A few days after getting bitten, the resident from the rural town of Prineville in Crook County developed a fever. By June 8, the man was so sick that he checked himself into St. Charles Medical Center in Redmond, Ore. He has since been transferred to the larger St. Charles facility in Bend. He was believed to be suffering from septicemic plague -- meaning the bacteria was spreading into his bloodstream -- and he is currently in critical condition.
This can be a serious illness, said Emilio DeBess, Oregon's public health veterinarian. But it is treatable with antibiotics, and it's also preventable.
The Black Death originated in rats -- black rats in particular -- but the bacteria thrives in forests, grasslands and any wooded areas inhabited by rats and squirrels. Even though rats were carriers, the disease was spread by the fleas that infested their bodies. Fleas would bite the rat, and the plague bacterium -- later identified as Pasteurella pestis, and renamed Yersinia pestis -- would stay in the intestinal track of the flea until the insect regurgitated it on its next victim; rodent populations can carry the plague bacteria without it killing them off, and the bacteria can travel back and forth from rats to fleas, also known as the sylvatic or enzootic cycle.

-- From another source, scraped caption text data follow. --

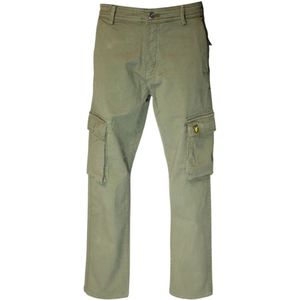 Lyle & Scott, Heren, Broeken, Groen, Maat: W33 Katoen,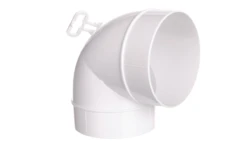 Kolano kanału okrągłego 90 stopni fi 100 KO100-23/90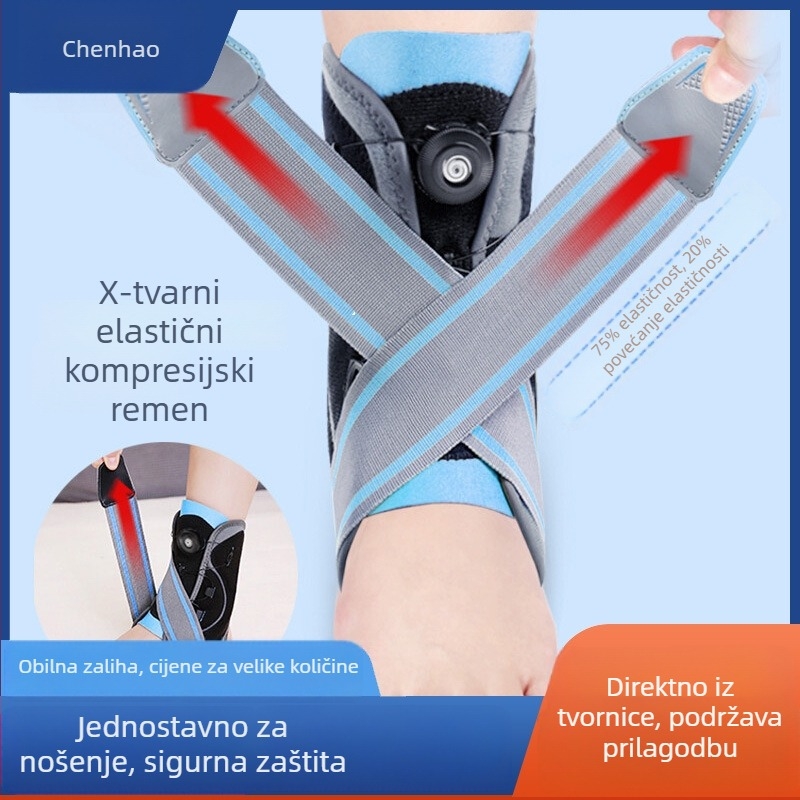 Orteza za fiksaciju gležnja s podrškom za planinarenje, trčanje i košarku; sprječavanje uganuća i stabilizacija ligamenata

When the fleas bit humans during this period, humans became exposed to the bacteria -- and became likely to die. Without the help of modern medicine, Europeans in the Middle Ages could do little to combat the plague.

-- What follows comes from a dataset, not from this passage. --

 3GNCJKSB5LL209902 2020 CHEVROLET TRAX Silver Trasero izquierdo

Giovanni Boccaccio was an Italian writer who lived through the Black Death and wrote down his observations in his book, The Decameron.
...Such fear and fanciful notions took possession of the living that almost all of them adopted the same cruel policy, which was entirely to avoid the sick and everything belonging to them. By so doing, each one thought he would secure his own safety.
Bubonic plague victims feel excruciating symptoms, including fever, chills, headache, weakness and swollen nodes in the neck, armpit or groin. Even though there are about seven cases of the Black Plague in the U.S. each year, most cases have been in the West and the Southweset, the bacterium is considerably less fatal than it once was. According to the CDC, 1 in 7 cases are fatal, but the disease can now be treated with antibiotics.
Officials are still unsure whether the man's plague was contracted by the cat or by the mouse the cat was holding. The stray cat, which had wandered the man's neighborhood in rural Crook County neighborhood for about six years, has since died. It's been sent to the Centers for Disease Control and Prevention for testing.
DeBess has also collected blood samples from the man's cat and two dogs, as well as samples from his neighbors' pets, as well as from animals in the local shelter. More than a dozen people who were in contact with the sick man have been notified and are receiving preventive antibiotics.
By and large, however, health officials in Central Oregon aren't blaming the cat for what happened.
Taking a mouse out of a cat's mouth is probably not a good idea, DeBess told The Oregonian.
The reality is that, in rural areas, part of the role of cats is to keep the rodent population controlled around our homes and barns said Karen Yeargain, the Crook County Health Department's communicable disease coordinator.
The unidentified man from Prineville is the sixth case of the Black Plague in Oregon since 1995. According to the CDC, only about 10 to 15 people in the U.S. catch the disease each year, while globally, health officials report between 1,000 to 3,000 cases per year.